Carefully, the fossil—so he presumed—was cut away from the rock in which it was rooted, and laid gently in a bed of soft cotton, and that bed in a plastic casing, and the casing in a metal box. The box was loaded aboard a spaceship and sent to a man back on Earth.

This man was an eminent botanist, and—eminent or not—he nearly jumped with joy when he'd opened the box, unsealed the container, plucked away the cotton, and saw the plant lying there. It was dead, insofar as he knew, and apparently useless except perhaps as a club, but the botanist was delighted to receive it. Through his head passed notions of cutting it in two, then polishing the twin cut surfaces, and studying the cell structure, so that he might compare its construction with similar—if there were any—plants of Earth, and then write a learned thesis about it which would be read only by other eminent botanists, who would all then curse their luck for not having been friends with any engineers on the moon. The whole procedure—taking the cosmic view—was almost pointless, but it would make the botanist happy, at least.

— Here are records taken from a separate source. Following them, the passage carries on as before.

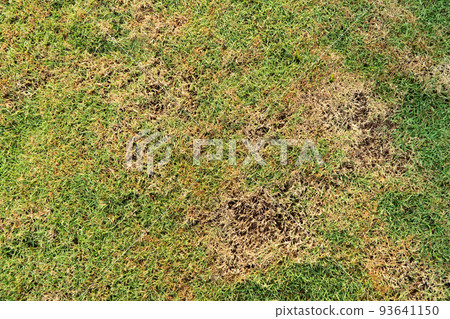 Grass texture. grass background. patchy grass, lawn in bad condition and need maintaining, Pests and disease cause amount of damage to green lawns, lawn in bad condition and need maintaining. 93641150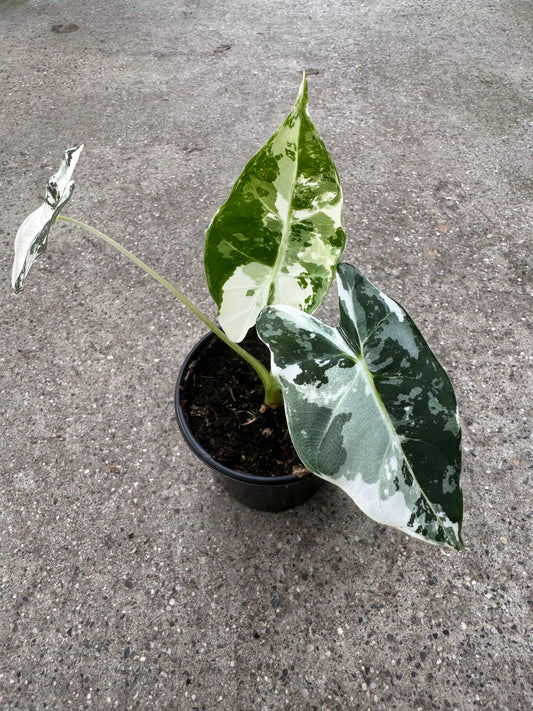 Is a photo of a small potted plant with 3 heart shaped white variegated green leaves in a black nursery pot on a polished concrete floor.
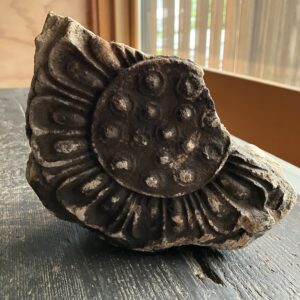 白鳳時代 川原寺系 鐙瓦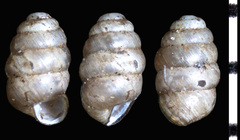 Columella simplex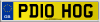 PD10 HOG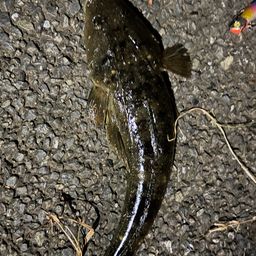 マゴチ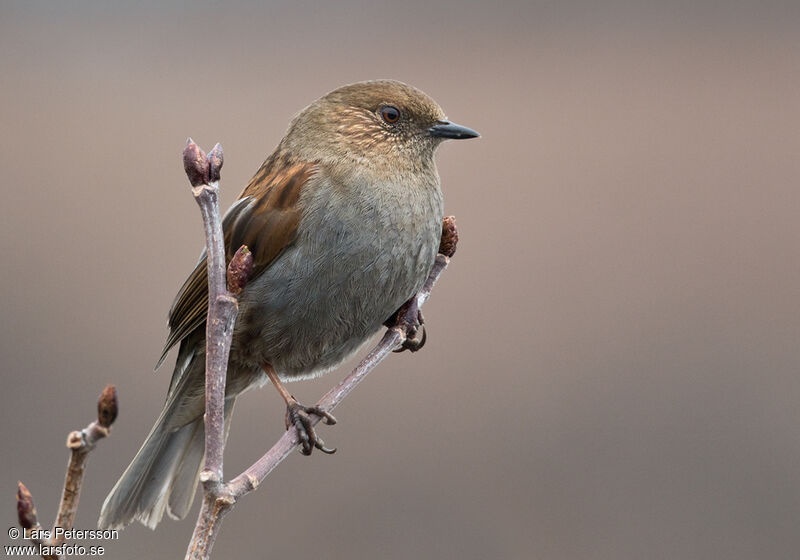 Japanese Accentor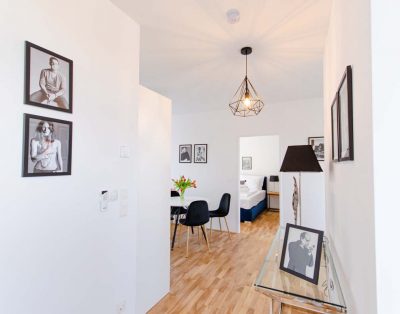 Modernes Penthouse mitten im urbanen Wien-Flair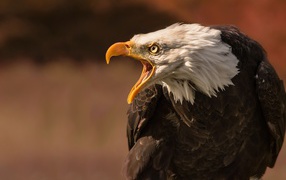 Грозный белоголовый орел с открытым клювом 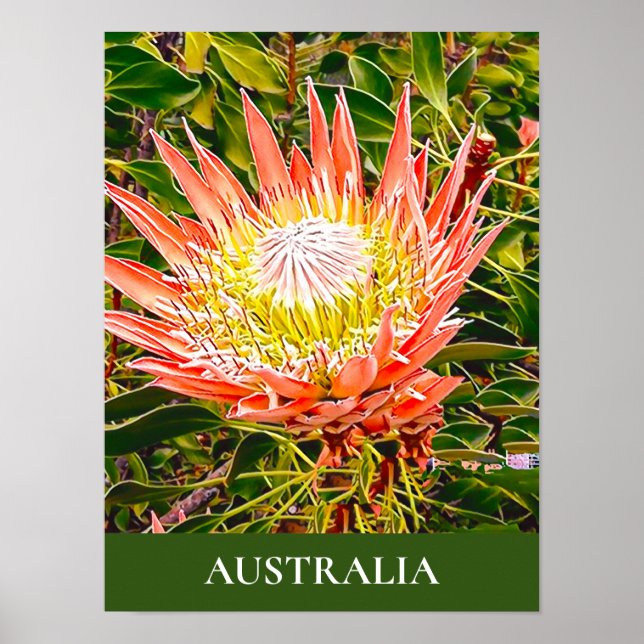 Impression de voyage de Protea (Devant)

However, after setting up his instruments, and placing the plant in a sort of padded vise to steady it against the invasion of its privacy, he chanced to see a bit of root, broken off by sheer unaccustomed weight on the planet, lying upon the lab table, and he placed that beneath the glass lens of his microscope and studied it instead.

"I'll be damned!" he said. "The plasm is liquid!"

A few dozen of the shattered cells had indeed let their contents spill out onto the slide of his 'scope.

"I wonder," he mused, "if it is viable?"

Wouldn't that make for an interesting paper, he went on, building his dreams upon dreams. A moonplant! Growing in my garden! He decided, as is the way with botanists, to name his—it was now "his"; having abandoned liberty when it abandoned the moon—to name his plant after himself.

And that's how it came to be called the "Peter W. Merrill Moonplant." He put it in his garden, arranged a small protective wire cylinder around it, and sprinkled it with water. Then he went into the house to start typing up his notes for that forthcoming paper.